How should healthcare providers be held accountable for disrespect or abuse?


That’s the next step in our work at the National Birth Equity Collaborative. We don’t currently have an effective, objective system of redress. Patients don’t have a direct line to the Joint Commission, which is the ultimate body overseeing all the hospitals. And if they did, they wouldn’t even know how to use it. This creates a damaging power dynamic.

“You’re at a power disadvantage to complain about mistreatment while still needing treatment.”

Let’s say that you’re a Black birthing mother in Philadelphia and you feel that you’ve been discriminated against by the nurse who is delivering your baby. Under the current mechanisms of redress, you have to get a nurse manager to write the person up. But it's hard to feel empowered to do that when you’re still under that person’s care. We need to rethink and reevaluate how we can ensure that patients are able to hold providers accountable for not giving them respectful maternity care.


What sorts of training and standards should be implemented to prevent mistreatment?

We have been able to get a conversation going at the federal and state levels about implicit bias. This is something that people understand now, and having training around implicit bias is something we’re striving for. In California, there is a law that requires all people who care for birthing women to take a training course on implicit bias, and there are bills at the federal level that would do the same.


Our goal is to move it a step beyond implicit bias to also include explicit bias since we know that some people are both unconsciously and consciously harming others.

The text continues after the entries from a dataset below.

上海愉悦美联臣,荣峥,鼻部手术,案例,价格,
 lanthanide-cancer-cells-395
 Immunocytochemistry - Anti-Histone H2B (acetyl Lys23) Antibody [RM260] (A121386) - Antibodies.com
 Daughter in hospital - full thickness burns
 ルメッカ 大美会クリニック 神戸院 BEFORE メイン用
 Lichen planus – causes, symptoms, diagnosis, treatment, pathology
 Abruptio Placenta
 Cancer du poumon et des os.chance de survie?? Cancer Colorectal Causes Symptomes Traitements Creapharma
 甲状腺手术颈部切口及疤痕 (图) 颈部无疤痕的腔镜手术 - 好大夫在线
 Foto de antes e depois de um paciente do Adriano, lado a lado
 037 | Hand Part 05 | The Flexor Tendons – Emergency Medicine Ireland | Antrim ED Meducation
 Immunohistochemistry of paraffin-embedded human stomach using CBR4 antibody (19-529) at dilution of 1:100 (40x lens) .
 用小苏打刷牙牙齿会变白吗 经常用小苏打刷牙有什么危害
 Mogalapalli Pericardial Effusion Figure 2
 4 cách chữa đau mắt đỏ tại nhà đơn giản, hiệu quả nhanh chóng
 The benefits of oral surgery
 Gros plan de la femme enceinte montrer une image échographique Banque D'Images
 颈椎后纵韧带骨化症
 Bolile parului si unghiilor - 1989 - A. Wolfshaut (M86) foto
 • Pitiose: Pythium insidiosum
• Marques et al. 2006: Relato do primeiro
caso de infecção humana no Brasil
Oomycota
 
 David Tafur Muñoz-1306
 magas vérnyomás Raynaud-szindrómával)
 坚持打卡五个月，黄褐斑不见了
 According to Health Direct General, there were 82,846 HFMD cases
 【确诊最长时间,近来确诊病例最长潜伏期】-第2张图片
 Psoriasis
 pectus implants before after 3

We cannot take it out of the context of the root causes of racism, classism, and gender oppression. It’s common to have some biases, but it’s not ok to have biases against obesity, the elderly, the disabled. Those are the types of biases that we have to work as a country and a people to undo. This is critical in health care because it can be the difference between someone living or dying.



How can the mission of the National Birth Equity Collaborative benefit from the Black Lives Matter movement?


We would not have the language or the tools to do the work that we do without the Black Lives Matter movement. They have created a space in this country to have an open and honest conversation about racism that we were not having. Right now, especially with the COVID-19 overlay, you can see how important the Black Lives Matter movement is and how it ties in with our mission.


We see ourselves as working in conjunction with the Black Lives Matter organization. Because the Black maternal health movement has been getting lots of attention as of late, we wrote a letter to Black Lives Matter about how we could invest in our nation’s social safety net. When a police department takes up over half of a city budget, [those in lower-income communities] don’t have access to things like mental health care services and adequate supplies in schools. Investing in these sorts of social supports are what allow Black mothers and families to thrive.



What can someone interested in supporting this cause do to help?

  1. Go to birthequity.org, read our resources, and sign up for our mailing list.

  2. Visit the Black Mamas Matter Alliance and make a donation to advance Black maternal health, rights, and justice. This organization is always underfunded.

  3. Right now, the most important thing people can do to support our work at the National Birth Equity Collaborative is to support the Black Lives Matter movement. The more we can push for overarching reform and promote anti-racism, the more this progress will support Black birthing women.